Assigned task
The data must be given again exactly as written, with all images omitted.

Provided data
- - - - - - -

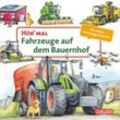 Hör mal (Soundbuch): Fahrzeuge auf dem Bauernhof - Christian Zimmer, Pappband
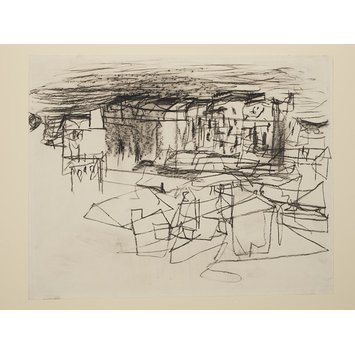 Drawing - Ilfracombe Terrace Drawing - Ilfracombe Terrace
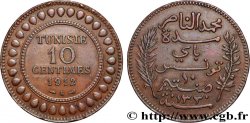 TUNISIA - Protettorato Francese 10 Centimes AH1330 1912 Paris 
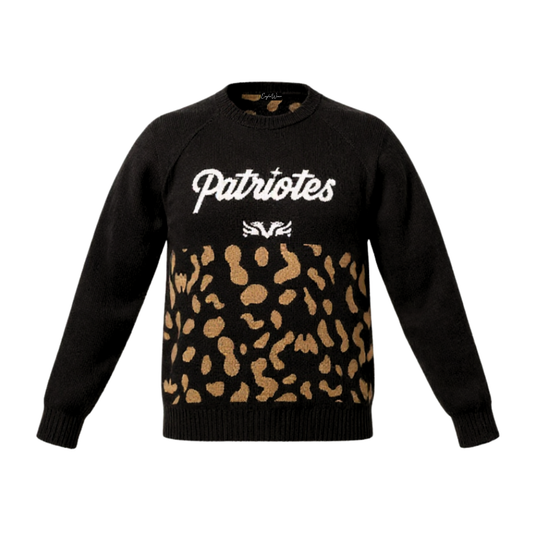 PATRIOTES LEOPARDO (KNITTED)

- - - - - - -

Finished task
 Hör mal (Soundbuch): Fahrzeuge auf dem Bauernhof - Christian Zimmer, Pappband
 Drawing - Ilfracombe Terrace Drawing - Ilfracombe Terrace
 TUNISIA - Protettorato Francese 10 Centimes AH1330 1912 Paris 
 PATRIOTES LEOPARDO (KNITTED)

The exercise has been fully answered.